INSTRUCTIONS FOR THE TASK
Leaving all pictures out, output exactly and only the line containing "Basic Brands Smart" and the lines that follow it to the end of the material below.

DATASET EXCERPT

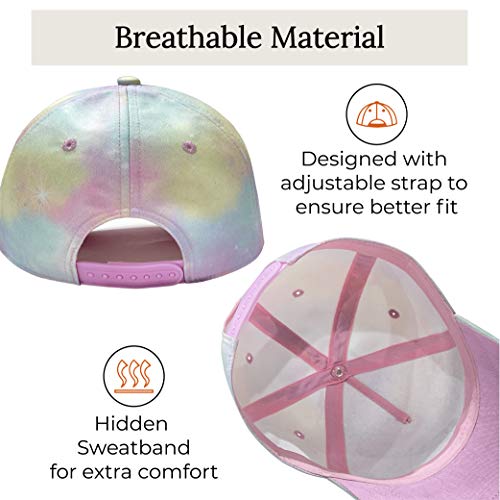 accsa Girls Baseball Cap with Unicorn Pattern Adjustable Sun Hat Tie-Dye Unicorn Hat Sports Outdoor Hat Kids Rainbow Snapback Cap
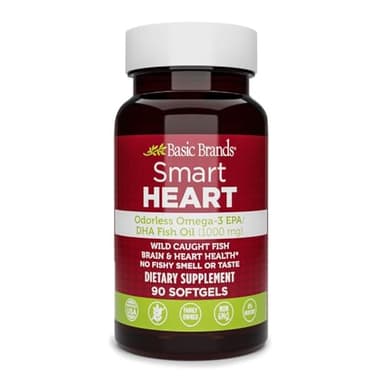 Basic Brands Smart Heart Odorless Omega-3 Fish Oil, Burp-Less, No Fishy Smell, 1000 mg, 90 Count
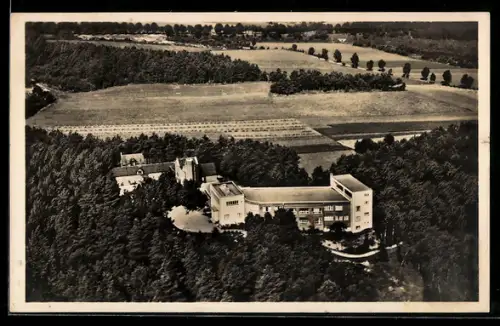 AK Tötensen, Sanatorium Ginsterhof aus der Vogelschau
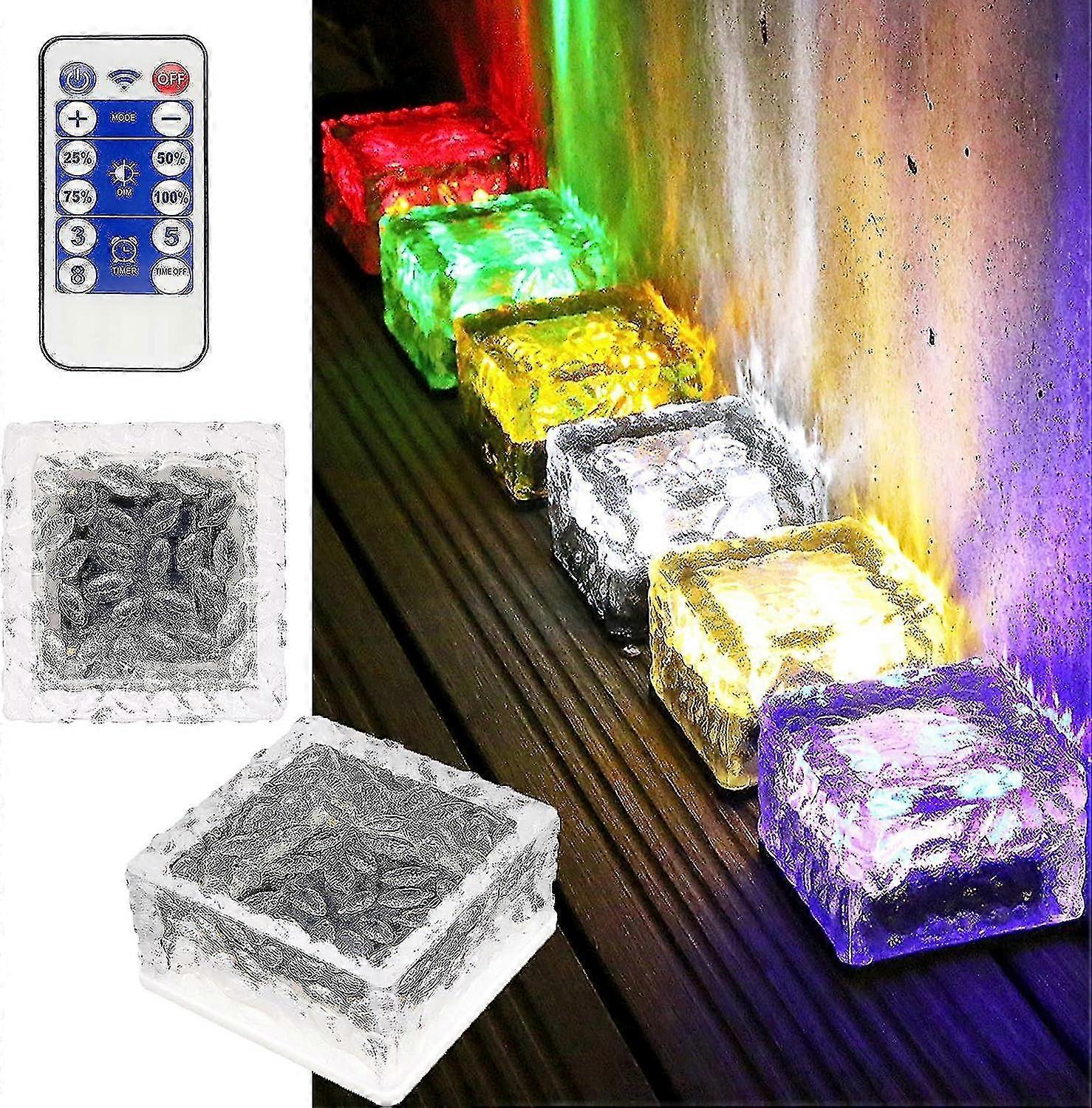 Color Changing Solar Light Pvc Bricks, Solar Ground Light With Light Sensor, Dimmable Solar Lights Outdoor Garden Ornaments For Lawn Path Courtyard Pa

ANSWER SPACE
 Basic Brands Smart Heart Odorless Omega-3 Fish Oil, Burp-Less, No Fishy Smell, 1000 mg, 90 Count
 AK Tötensen, Sanatorium Ginsterhof aus der Vogelschau
 Color Changing Solar Light Pvc Bricks, Solar Ground Light With Light Sensor, Dimmable Solar Lights Outdoor Garden Ornaments For Lawn Path Courtyard Pa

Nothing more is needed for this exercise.